Natural Arch Capital Reef

  I stopped to see grand wash and ventured into Capital Gorge where spectacular cliffs water tanks arches natural bridges and pure minerals were just laying around everywhere. I passed the Pioneer Register to see the names of the old pioneers that have carved their names into the slick rock as well as what appears to be a name that was shot into the slick rock.
Trail Register Capital Reef


  I couldn’t get out to cathedral valley so due to my car again and the rain so I hiked up to Navajo knobs and the rim overlook. The views were amazing at the top with the cliffs of capital reef stretching for miles. 

Observation point Capital Reef

I got a mid day start and went off track to the leprechaun slot canyon system which proved to be a nice side hike from the trip. 

leprechaun slot canyon

The dark tall narrow canyons gave an eerie feel to the canyon like something was actually living in them which added to the excitement of rappelling down the right fork into the slot.

leprechaun slot canyon

No water was encountered but a nice cool breeze inside with tall sheer cliffs and slick rock canyons.
leprechaun slot canyon


  If you have time and are in the lake Powell area I highly recommend this system but bring map compass gps with you so you can find your way in and out of the system. 

leprechaun slot canyon

After the Slot Canyons, I went to Goblin valley state park which has a very interesting valley of “goblins” that have been eroded over a 100 million year span. The “goblins” are worth checking out and to spend a night at the state park since they got showers and a bathroom.
Gobblin Valley State Park

 My journey continued to the Canyon lands island in the sky district which is nothing short of an amazing experience. 

Mesa Arch


 I hiked down into the valley via alcove springs and hiked around the crater via the syncline trail which has a very spiritual feel once you get into the valley.
Gobblin Valley State Park

  I set up camp on the rim of Murphy’s point which was one of the best views I have ever had and I can’t wait to get back there and spend more time there. 
False Kiva Island In the Sky


 All the rim views are amazing but watch out of thunderstorms since one was brewing in the night I had to move my site inland more to avoid lightening. 
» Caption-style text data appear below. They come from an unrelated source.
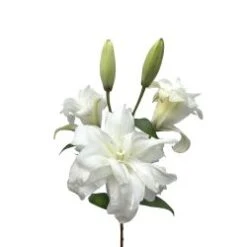 Lily Oriental Double Bloom White, 2 - 4 Blooms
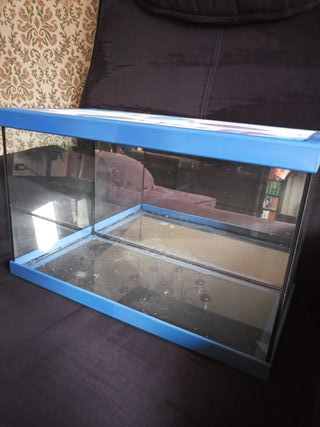 Bonito acuario en color azul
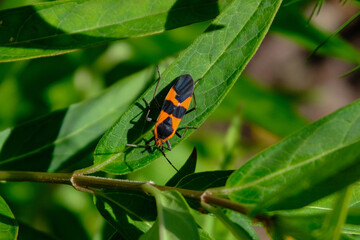 Milkweed bug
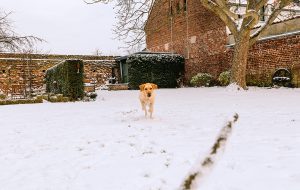 Hund i snø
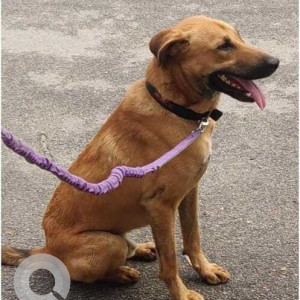 A pet dog is found in Nandanam colony extension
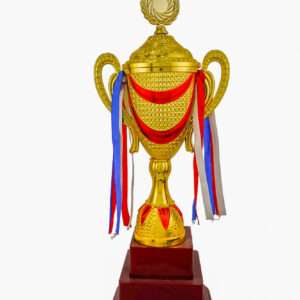 smiley premium Metallic Fiber Trophies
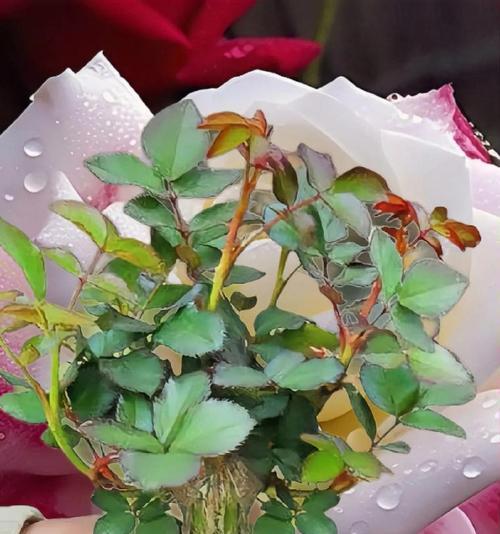 庭院种植白玫瑰苗需要注意什么？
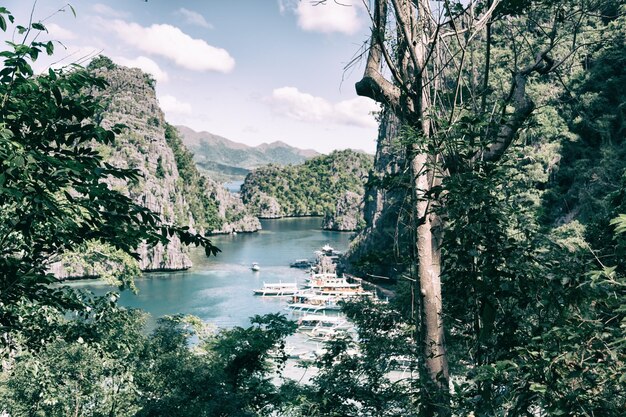 Foto schöne aussicht auf den fluss inmitten der bäume gegen den himmel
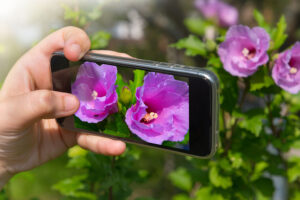 The hand of the person taking the picture of flowers on the smar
Green River island In The Sky

My Last visit was to Arches National Park. 

Delicate Arch

I knew there were a lot of people there which there were but the park itself does not disappoint. 
Canyonlands

 Hiking through the primitive trail to see the arches and hiking up to delicate arch I was able to get a feel for how these arches were made with the wind tunnels and the sand blowing creating these fascinating formations.
Crater loop Hike island In The Sky Canyonlands

 After 104 hiked miles, 9256 ft of hiked elevation, and one pair of boots, I feel like I have only scraped the surface of the beauty that Utah has to offer.
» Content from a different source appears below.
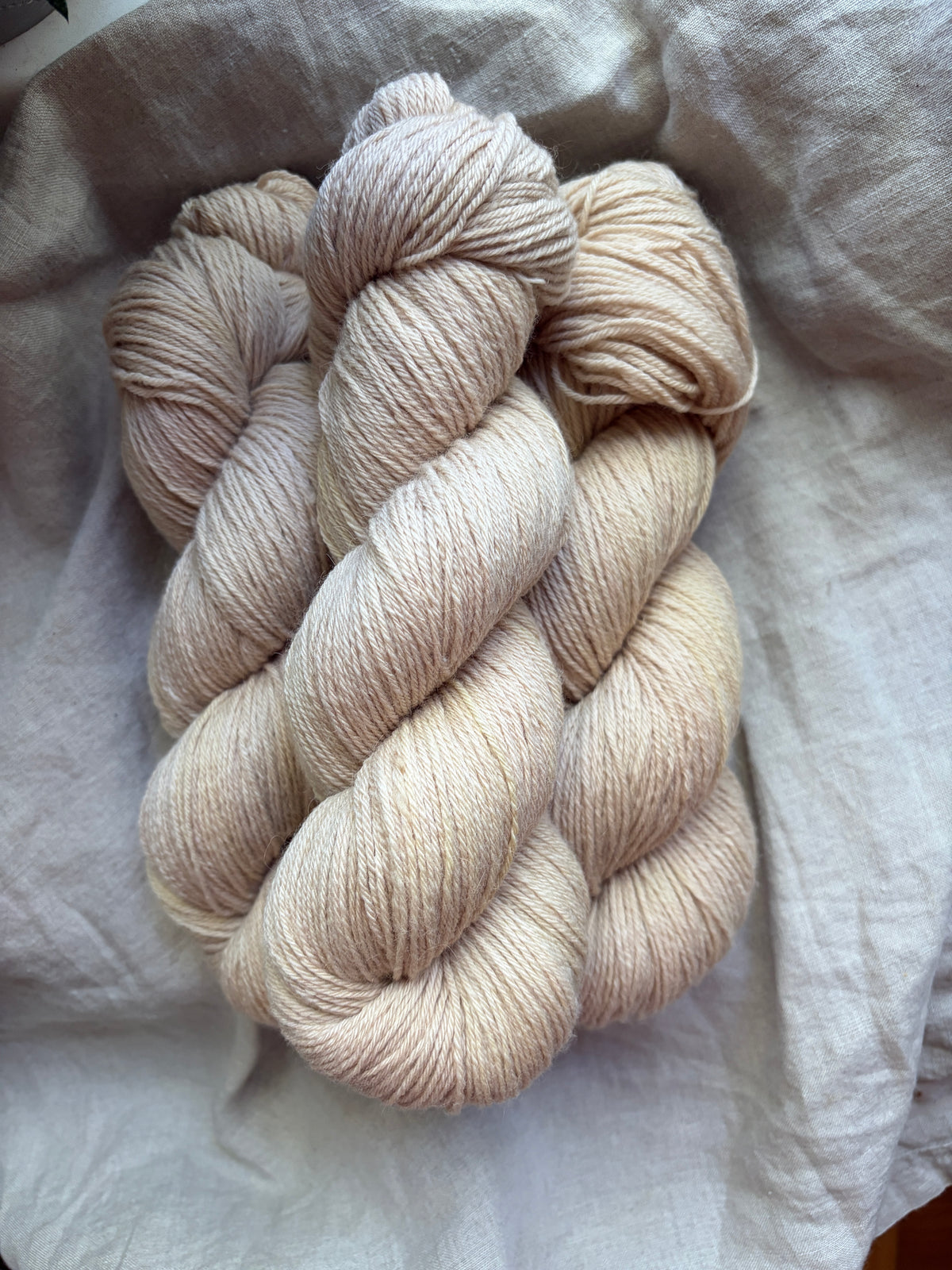 Merino Camel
Echo Canyon Zion National Park

  From deep snow, slot canyons, mountain climbing, cold water wading/swimming, bouldering, chimneying, rappelling, strenuous slope hiking, dust storms, and sleepless nights to the wonders of the petrified forest, the jaw dropping views of the cliffs and canyons, the fascinating colors of the desert and the spiritually almost Zen like feeling that comes with being immersed in this natural wonder makes me happy to know that this is a great piece of Americana and something that everyone should experience if it is just for a few days at designated campsites on paved trails or backcountry hikes leaving no trace.